BADAN Meteorologi, Klimatologi, dan Geofisika (BMKG) menyampaikan peringatan meningkatnya potensi munculnya siklon tropis di wilayah selatan Indonesia. Pemantauan atmosfer menunjukkan bibit siklon dapat terbentuk pada periode November 2025 hingga Februari 2026 di sejumlah perairan rawan. Risiko ini dinilai perlu mendapatkan perhatian publik mengingat eskalasi cuaca ekstrem yang terjadi belakangan ini berimbas pada banjir dan longsor di Sumatra. Situasi tersebut menuntut langkah antisipatif yang lebih kuat dari pemerintah dan masyarakat.

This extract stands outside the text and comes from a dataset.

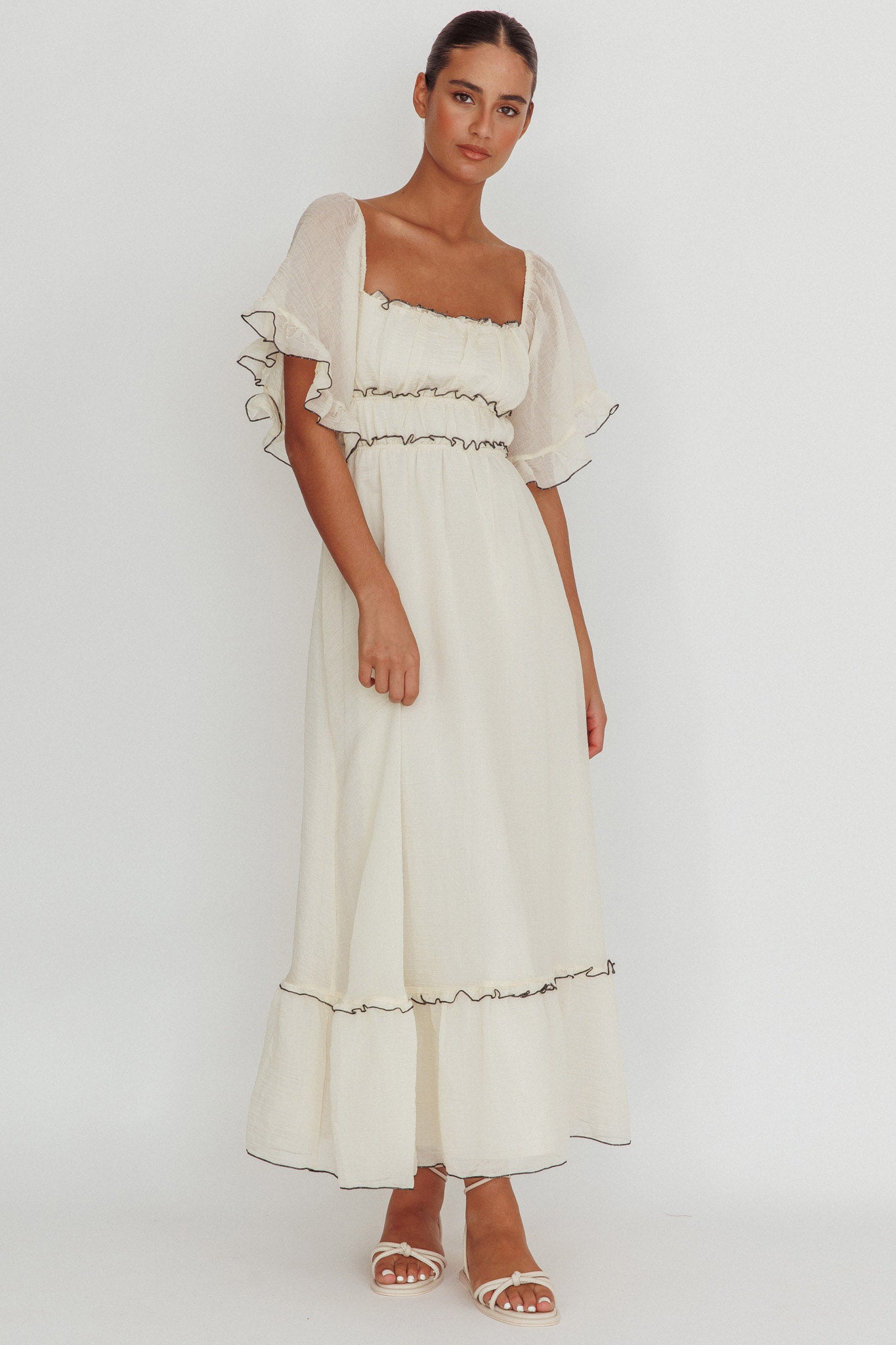 Kathlene Flutter Sleeves Maxi Dress Cream-Maymioy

Menanggapi bencana hidrometeorologi yang melanda Aceh, Sumatra Utara, dan Sumatra Barat pada akhir November, Kepala BMKG Prof. Teuku Faisal Fathani, beberapa waktu lalu menegaskan bahwa peringatan dini telah dikeluarkan beberapa hari sebelumnya. Informasi tersebut telah disampaikan kepada pemerintah daerah, Forum Koordinasi Pimpinan Daerah (Forkopimda), dan Badan Penanggulangan Bencana Daerah (BPBD) untuk mengakselerasi respons lapangan.
Faisal menjelaskan bahwa anomali atmosfer global membuat pembentukan bibit siklon semakin mungkin terjadi di Indonesia. Fenomena La Niña, El Nino, Indian Ocean Dipole, hingga seruakan dingin dari Siberia memperkuat ketidakstabilan cuaca. Perubahan pola ini menyebabkan wilayah tropis yang historisnya jarang terdampak siklon, kini menghadapi risiko lebih tinggi.
Yang pasti, siklon Senyar yang memicu hujan ekstrem di Aceh dan Sumatra Utara karena bergerak tidak stabil dan terperangkap lama di Selat Malaka. Pergerakan yang lambat menyebabkan awan hujan terus terbentuk dan turun selama dua hingga tiga hari di lokasi yang sama. Suhu permukaan laut yang hangat turut memperkuat konsentrasi awan hujan.
Curah hujan ekstrem tersebut bertahan hingga tiga hari. Untuk periode Desember hingga Februari ke depan, BMKG memprediksi potensi pembentukan bibit siklon tropis akan meningkat di perairan selatan Indonesia. Wilayah rawan termasuk Bengkulu, Sumatera bagian selatan, selatan Pulau Jawa, Bali, Nusa Tenggara, Maluku, serta Papua bagian tengah dan selatan. Daerah berpenduduk padat diminta lebih waspada.
Karena itu, masyarakat memperkuat langkah mitigasi untuk menghadapi potensi cuaca ekstrem dalam beberapa bulan ke depan. Pemantauan rutin terhadap peringatan dini menjadi kunci untuk mengurangi dampak bencana. Pemerintah daerah juga diharapkan memastikan infrastruktur dasar seperti drainase, jalur evakuasi, dan fasilitas publik dalam kondisi siap. Kewaspadaan perlu ditingkatkan karena puncak musim hujan berada di Januari dan Februari. Selain itu, penting juga untuk melaksanakan operasi modifikasi cuaca di sejumlah wilayah terdampak.